The problem -> Transcribe all of the entries, matching each one exactly.

━━━━━━━━━━━━━━━━━━━━

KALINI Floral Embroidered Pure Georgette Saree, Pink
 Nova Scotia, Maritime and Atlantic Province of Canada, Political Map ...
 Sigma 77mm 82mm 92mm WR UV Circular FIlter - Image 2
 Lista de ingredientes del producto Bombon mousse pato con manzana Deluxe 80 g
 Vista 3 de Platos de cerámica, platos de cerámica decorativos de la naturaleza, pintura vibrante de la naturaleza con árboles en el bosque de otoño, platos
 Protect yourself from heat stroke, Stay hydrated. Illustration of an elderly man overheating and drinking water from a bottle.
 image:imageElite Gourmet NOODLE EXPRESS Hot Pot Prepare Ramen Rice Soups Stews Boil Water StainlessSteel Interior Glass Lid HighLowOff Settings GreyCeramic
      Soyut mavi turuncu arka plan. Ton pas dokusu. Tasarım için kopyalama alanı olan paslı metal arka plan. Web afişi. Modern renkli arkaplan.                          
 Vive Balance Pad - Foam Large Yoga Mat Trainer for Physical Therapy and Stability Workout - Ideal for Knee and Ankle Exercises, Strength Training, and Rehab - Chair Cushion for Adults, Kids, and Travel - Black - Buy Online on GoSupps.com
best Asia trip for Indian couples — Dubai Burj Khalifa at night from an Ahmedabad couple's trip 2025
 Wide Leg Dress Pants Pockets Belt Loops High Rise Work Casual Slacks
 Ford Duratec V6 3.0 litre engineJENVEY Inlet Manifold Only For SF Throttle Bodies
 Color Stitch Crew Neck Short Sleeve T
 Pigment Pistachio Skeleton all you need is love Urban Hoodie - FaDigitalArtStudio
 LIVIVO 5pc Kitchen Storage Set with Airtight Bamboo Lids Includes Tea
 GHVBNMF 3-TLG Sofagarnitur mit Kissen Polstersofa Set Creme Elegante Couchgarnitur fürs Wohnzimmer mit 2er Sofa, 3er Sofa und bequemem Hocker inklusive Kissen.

━━━━━━━━━━━━━━━━━━━━

Answer space ->
KALINI Floral Embroidered Pure Georgette Saree, Pink
 Nova Scotia, Maritime and Atlantic Province of Canada, Political Map ...
 Sigma 77mm 82mm 92mm WR UV Circular FIlter - Image 2
 Lista de ingredientes del producto Bombon mousse pato con manzana Deluxe 80 g
 Vista 3 de Platos de cerámica, platos de cerámica decorativos de la naturaleza, pintura vibrante de la naturaleza con árboles en el bosque de otoño, platos
 Protect yourself from heat stroke, Stay hydrated. Illustration of an elderly man overheating and drinking water from a bottle.
 image:imageElite Gourmet NOODLE EXPRESS Hot Pot Prepare Ramen Rice Soups Stews Boil Water StainlessSteel Interior Glass Lid HighLowOff Settings GreyCeramic
      Soyut mavi turuncu arka plan. Ton pas dokusu. Tasarım için kopyalama alanı olan paslı metal arka plan. Web afişi. Modern renkli arkaplan.                          
 Vive Balance Pad - Foam Large Yoga Mat Trainer for Physical Therapy and Stability Workout - Ideal for Knee and Ankle Exercises, Strength Training, and Rehab - Chair Cushion for Adults, Kids, and Travel - Black - Buy Online on GoSupps.com
best Asia trip for Indian couples — Dubai Burj Khalifa at night from an Ahmedabad couple's trip 2025
 Wide Leg Dress Pants Pockets Belt Loops High Rise Work Casual Slacks
 Ford Duratec V6 3.0 litre engineJENVEY Inlet Manifold Only For SF Throttle Bodies
 Color Stitch Crew Neck Short Sleeve T
 Pigment Pistachio Skeleton all you need is love Urban Hoodie - FaDigitalArtStudio
 LIVIVO 5pc Kitchen Storage Set with Airtight Bamboo Lids Includes Tea
 GHVBNMF 3-TLG Sofagarnitur mit Kissen Polstersofa Set Creme Elegante Couchgarnitur fürs Wohnzimmer mit 2er Sofa, 3er Sofa und bequemem Hocker inklusive Kissen.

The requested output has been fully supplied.